Both campaigns received a combined total of £15.6 million in donations – for a bit of context, this is more than all political parties raised during the short campaign leading up to the 2015 general election combined. The headlines sung to the tune of ‘Brexit out-fundraise their Remain rivals’ as Leave groups’ donations hit £8.2 million, compared to the Remain camp who raised £7.5 million.

Initially this seems like a huge win for the Leave campaign, who have referred to their situation as a ‘David and Goliath’ allegory, but the bitter rivalries and in-fighting between the seven different Leave campaign groups meant that the officially designated campaign group Vote Leave received a significantly lower amount of donations in comparison to The IN Campaign Ltd – who were designated as the official Remain campaign group.
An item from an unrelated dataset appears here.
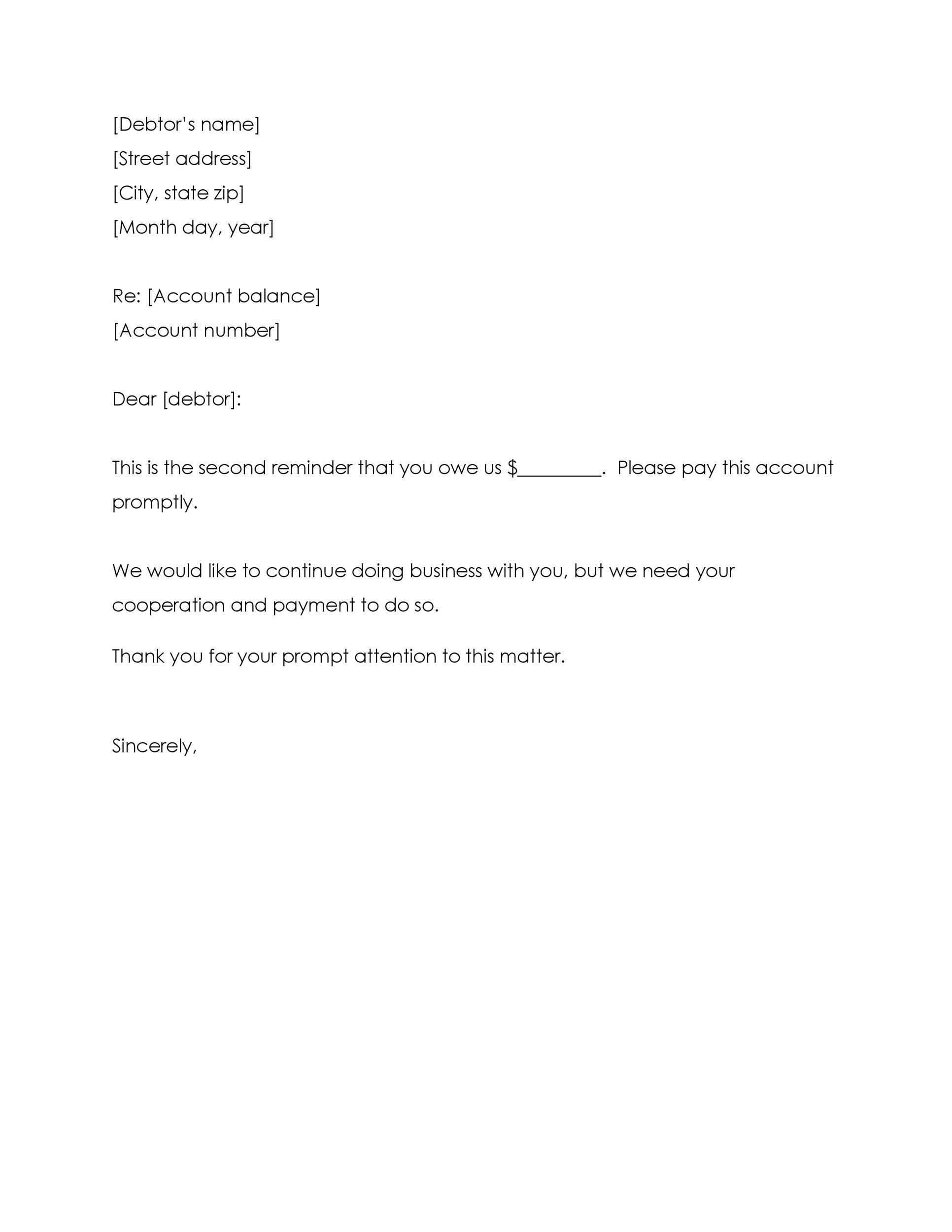 Free collection letter template 39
Vote Leave only managed to raise £2.8 million in donations, which was actually less that Leave.EU, who raised £3.2 million. The IN Campaign, however, raised almost £7 million – which means that a quick assessment of funds raised by the officially designated campaign groups puts the Remain camp in a more advantageous position.

This may of course make it easier for the Leave campaign to distribute funds in the run up to the referendum next month, since each campaign group, be it official or unofficial, is targeted at different groups of society. With all of the Remain camp's funding sitting in one basket - the dissemination of funds may prove to be a more difficult task.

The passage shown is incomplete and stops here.